I’ve witnessed unnecessary racial abuse, my family have had despicable words spray-painted on our home, my mum has experienced unimaginable verbal abuse, I’ve been asked by other children if I’m adopted because my mum is brown, and sometimes I’ve felt like a fly on the wall in conversations with others; a few months ago at work a customer said to me, he’d just tested negative for coronavirus, being nice and polite I went on to say how good this was and was utterly shocked when he replied saying “I don’t think people like us get it anyways, it’s the blacks and mixed-race people that are getting it and spreading it”. 

What was I supposed to say to this comment? I didn’t reveal I was mixed race (In retrospect I wish I had), I simply said I didn’t agree. The idea of blackness has so many negative connotations attached, many of which are ludicrous and make no sense. I recently wrote an essay for a university module where I discussed a deeply troubling literary plot line, perpetuated by white men prior to the Harlem Renaissance about ‘passing’. The typical plotline would involve a ‘Mulatto‘ woman compelled to pass as white, her beauty always leads to a young white man falling in love with her and on the verge of their marriage he somehow discovers the truth of her race and the white race is ’saved‘. 

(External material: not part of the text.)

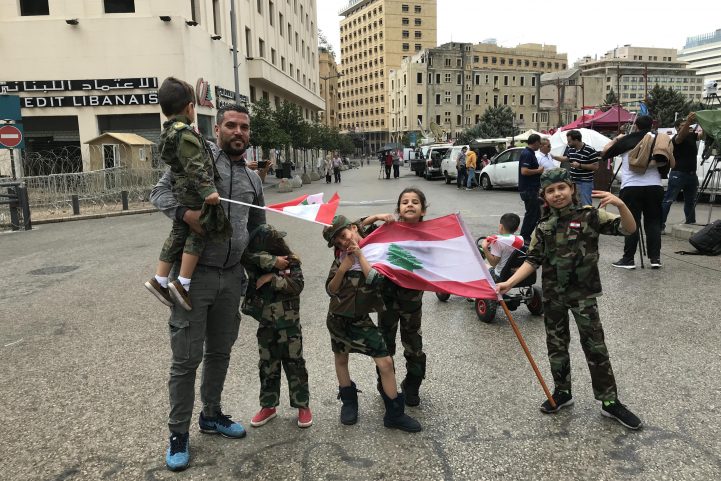 حسين وأطفاله خلال مشاركتهم في الاحتجاجات، بيروت / MEE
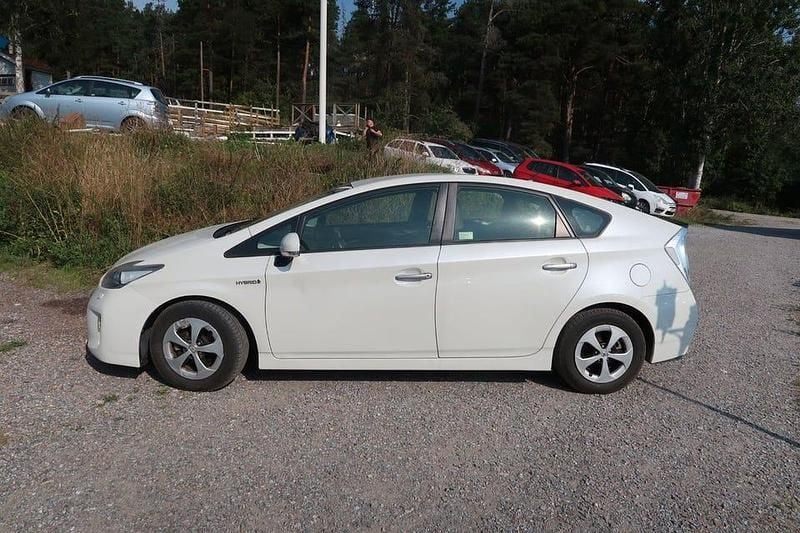 Begagnad Toyota Prius Plug-in Hybrid 136 HK (100 kW) 2012 Vit Halvkombi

Discovering this trope during my research was horrible, it revealed to me the way in which society fetishizes and simultaneously shuns ethnic minorities. While I may not feel connected with my black heritage as it’s not something I can really identify with superficially or culturally (I come from an all-white family apart from my mum), it’s not something I’m ashamed of, in fact, its something I’m proud of and the fact blackness in those who are white-passing is perceived negatively is offensive. Two centuries later Meghan and Archie are still living this reality.

I’ve seen first hand the effects racism has on someone’s mental health. I can’t imagine living in a society where you are subconsciously taught to hate yourself. I’m glad Meghan and Harry spoke up about so many important topics from institutional racism to mental health and having suicidal thoughts. Very brave and inspirational. 

We need to listen to Meghan and all members of BAME communities. Believe and validate their experiences; let’s stop denying the UK is racist and recognise that it is, in fact, it’s built on colonialism. We should collectively be trying to bring change. Racism doesn’t care about social class, fame or money as we have so blatantly seen. There’s no place for racism in society, nobody deserves what Meghan Markle has suffered.